Nicko McBrain launches limited Iron Maiden collector snare drum
Nicko McBrain’s Seven Edds snare pairs a 666-run Iron Maiden tribute with a playable 14x6 birch-and-birdseye maple shell. Each drum carries a slice of his tour-played Paiste cymbal.

Nicko McBrain’s name alone gives the Seven Edds Limited Edition Snare Drum instant weight, but the Iron Maiden connection is what turns it into collector bait. Drum One has put McBrain’s latest branded piece at the center of a release that is aimed as much at serious drummers as it is at Maiden devotees, and every drum comes with a physical fragment of his touring past.
The snare was created with the British Drum Company and is limited to just 666 drums worldwide, a number that lands with obvious force in Iron Maiden lore. The band’s third studio album, The Number of the Beast, was released in 1982, and its title track gave 666 one of the most recognisable associations in heavy metal. That symbolism is baked into the run size, while the price, £777, keeps the drum firmly in premium territory.

This is not just a display piece. The Seven Edds is a 14-inch by 6-inch snare with a 10-ply shell built from nine plies of birch and one ply of birdseye maple. The shell thickness is listed at 5.5 mm, and the drum weighs 5.5 kg. Drum One has also opened pre-orders, with shipping slated across August, September and October, allocated first come, first served. Buyers cannot request specific edition numbers, which preserves the collector logic around the run.

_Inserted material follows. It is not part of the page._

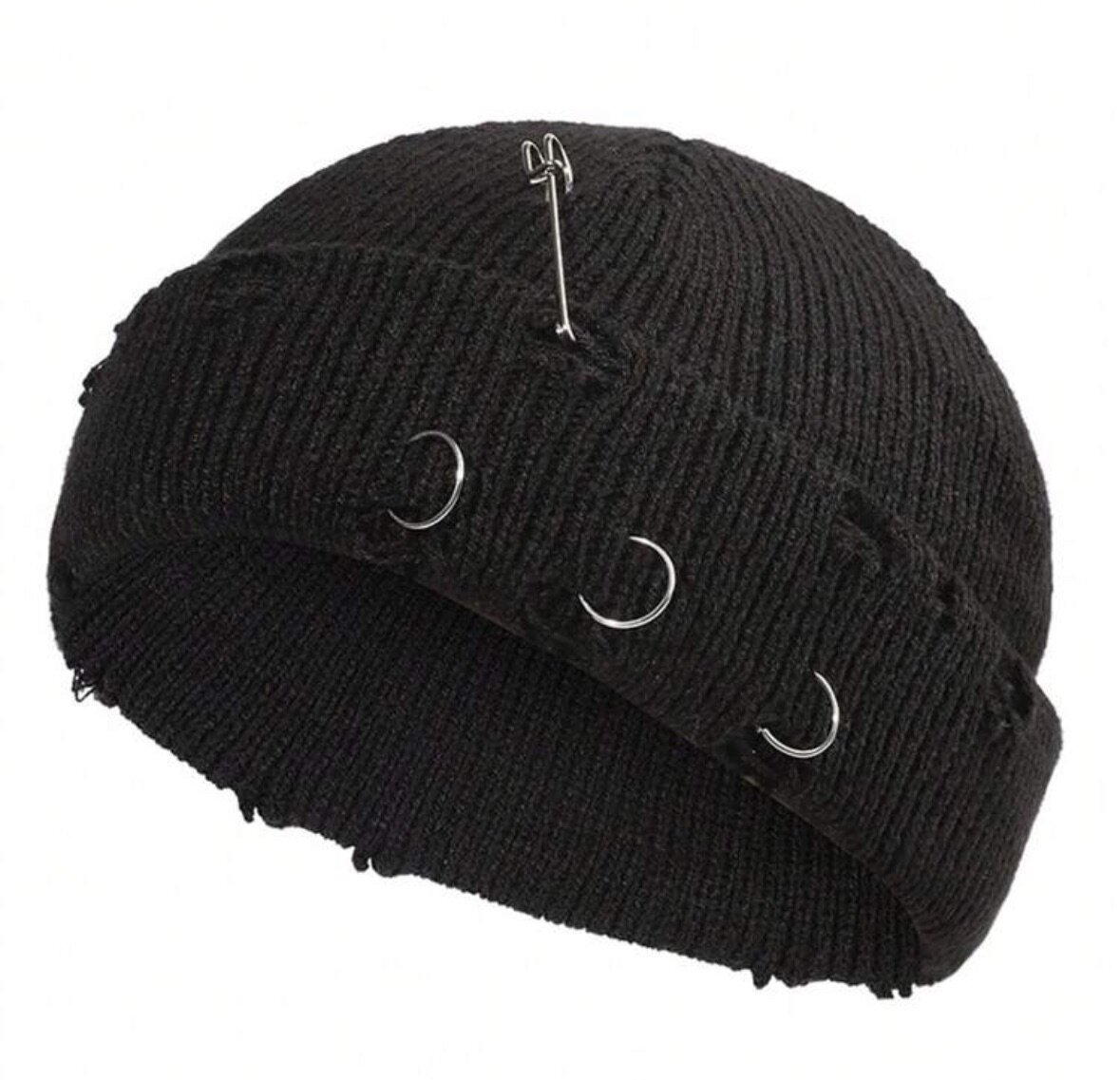 Bonnet tricoté avec anneaux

The memorabilia angle is equally strong. Each drum includes an authentic piece cut from one of McBrain’s tour-played Paiste cymbals used during the Somewhere Back in Time, The Final Frontier and Maiden England tours. Iron Maiden’s official archive places those runs across 2008/09, 2010/11 and 2012/13/14, giving the cymbal provenance a clear touring frame. Drum One says the cymbal piece has been hydro-blasted to preserve the original lathing, a detail that makes each snare its own individual artifact rather than a mass-produced clone.
The collaboration also fits McBrain’s standing inside the British drum world. British Drum Company welcomed him as an Artist and International Ambassador in November 2019 and now lists him as a director and international ambassador on its team page. The company handcrafts drums in the UK, and its artist material frames McBrain as a player with a deep interest in craftsmanship and detail. That matters here, because the Seven Edds is pitched as both a usable snare and a piece of Maiden history, not a wall-hanger pretending to be a drum.
With McBrain having retired from touring after 42 years with Iron Maiden in late 2024, the appeal of fresh McBrain-branded gear only sharpens. The Seven Edds leans hard into that legacy, and it does so with enough real drum-spec substance to make the collector story feel like an instrument story too.